02 an Article to Quickly Get You Up to Speed With Kafka Jargon

02 An Article to Quickly Get You Up to Speed with Kafka Jargon #

Hello, I’m Hu Xi. Today we officially embark on the journey of learning Apache Kafka.

In the world of Kafka, there are many concepts and terminologies that you need to understand and master in advance, which will be very beneficial for you to delve into Kafka’s various functions and features later on. Let me list various Kafka terminology below.

In the first issue of this column, I mentioned that Kafka belongs to a distributed messaging engine system, and its main function is to provide a complete set of solutions for message publishing and subscribing. In Kafka, the objects of publishing and subscribing are called topics. You can create dedicated topics for each business, each application, or even each type of data.

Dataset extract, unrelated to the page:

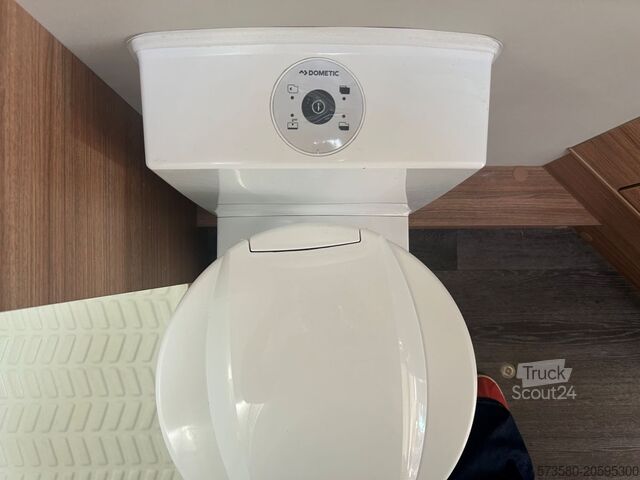 Halvintegrert bobil Etrusco T 6.9 SF (2022) – Ford Schaltgetriebe | Diesel | Teilintegriert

The client application that publishes messages to topics is called a producer. The producer program usually continuously sends messages to one or more topics, while the client application that subscribes to these topic messages is called a consumer. Similar to producers, consumers can also subscribe to messages from multiple topics. We collectively refer to producers and consumers as clients. You can run multiple instances of producers and consumers simultaneously, and these instances will continuously produce and consume messages to and from multiple topics in the Kafka cluster.

With clients, there are naturally servers. The Kafka server is composed of service processes called brokers. A Kafka cluster is composed of multiple brokers. Brokers are responsible for receiving and processing requests sent by clients and persisting messages. Although multiple broker processes can run on the same machine, it is more common to run different brokers on different machines. This way, even if a machine in the cluster crashes and all the broker processes running on it go down, the brokers on other machines can still provide services externally. This is actually one of the means by which Kafka provides high availability.

Another means to achieve high availability is replication. The idea of replication is simple, which is to copy the same data to multiple machines. These copies of the same data in Kafka are called replicas. Well, it seems that in the entire distributed system, they are all called replicas. The number of replicas can be configured. These replicas store the same data but have different roles and functions. Kafka defines two types of replicas: leader replicas and follower replicas. The former provides services externally, where external refers to interaction with client programs, while the latter only passively follows the leader replica and cannot interact with the outside world. Of course, you may know that in many other systems, follower replicas can provide services externally, such as the read operations handled by MySQL slaves. However, in Kafka, follower replicas do not provide services externally. By the way, something interesting is that the term “Master-Slave” is no longer advocated to refer to this master-slave relationship. After all, the term “Slave” has the meaning of slavery. In a country like the United States, which strictly prohibits racial discrimination, this expression is a bit politically incorrect. So, most systems have now been changed to use “Leader-Follower” instead.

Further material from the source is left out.